_EXCERPTED DATA_
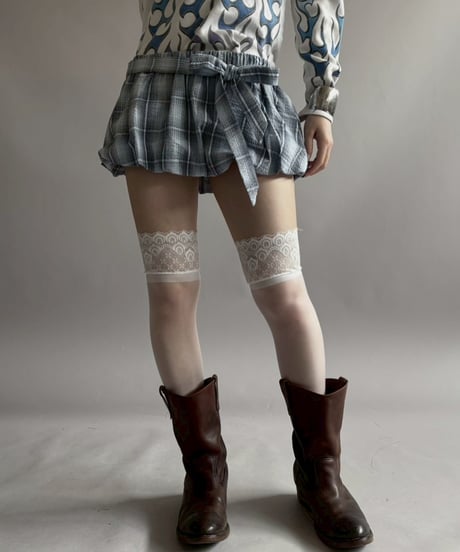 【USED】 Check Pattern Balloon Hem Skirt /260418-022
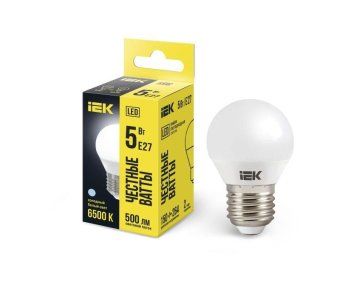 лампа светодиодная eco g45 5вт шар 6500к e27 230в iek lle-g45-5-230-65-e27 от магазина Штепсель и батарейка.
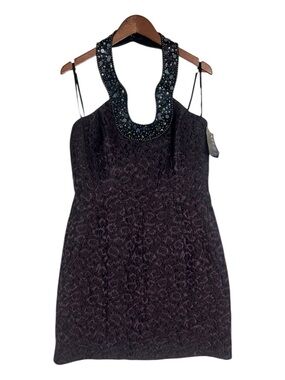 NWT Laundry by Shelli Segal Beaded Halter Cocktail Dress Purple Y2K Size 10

==

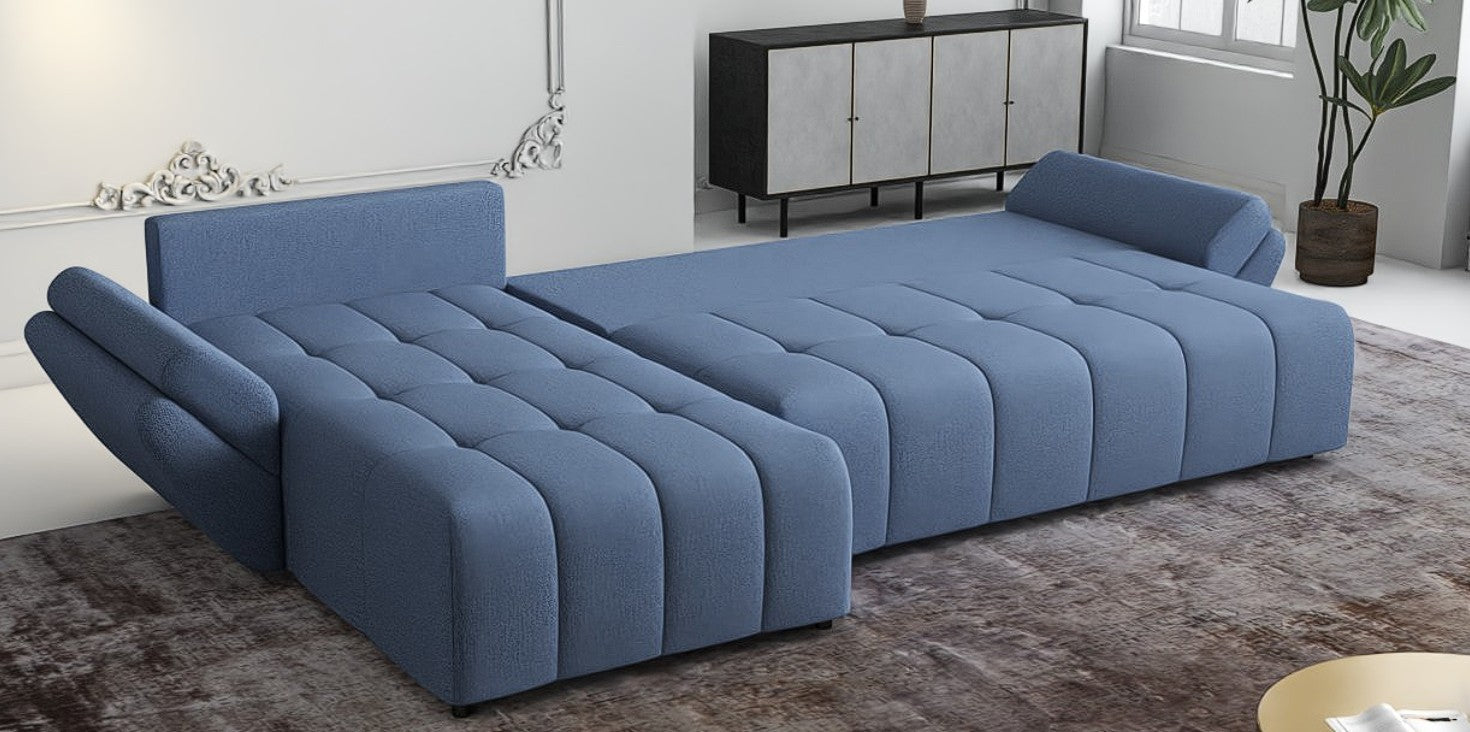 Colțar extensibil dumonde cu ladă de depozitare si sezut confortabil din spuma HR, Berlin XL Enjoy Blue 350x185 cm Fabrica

_AIM OF THE TASK_
In the listing above, find the line containing "Hem Skirt /260418-022" and the line containing "NWT Laundry by", then return both of them and every line between, exactly, without pictures.

_RESULT OF THIS TASK_
 【USED】 Check Pattern Balloon Hem Skirt /260418-022
 лампа светодиодная eco g45 5вт шар 6500к e27 230в iek lle-g45-5-230-65-e27 от магазина Штепсель и батарейка.
 NWT Laundry by Shelli Segal Beaded Halter Cocktail Dress Purple Y2K Size 10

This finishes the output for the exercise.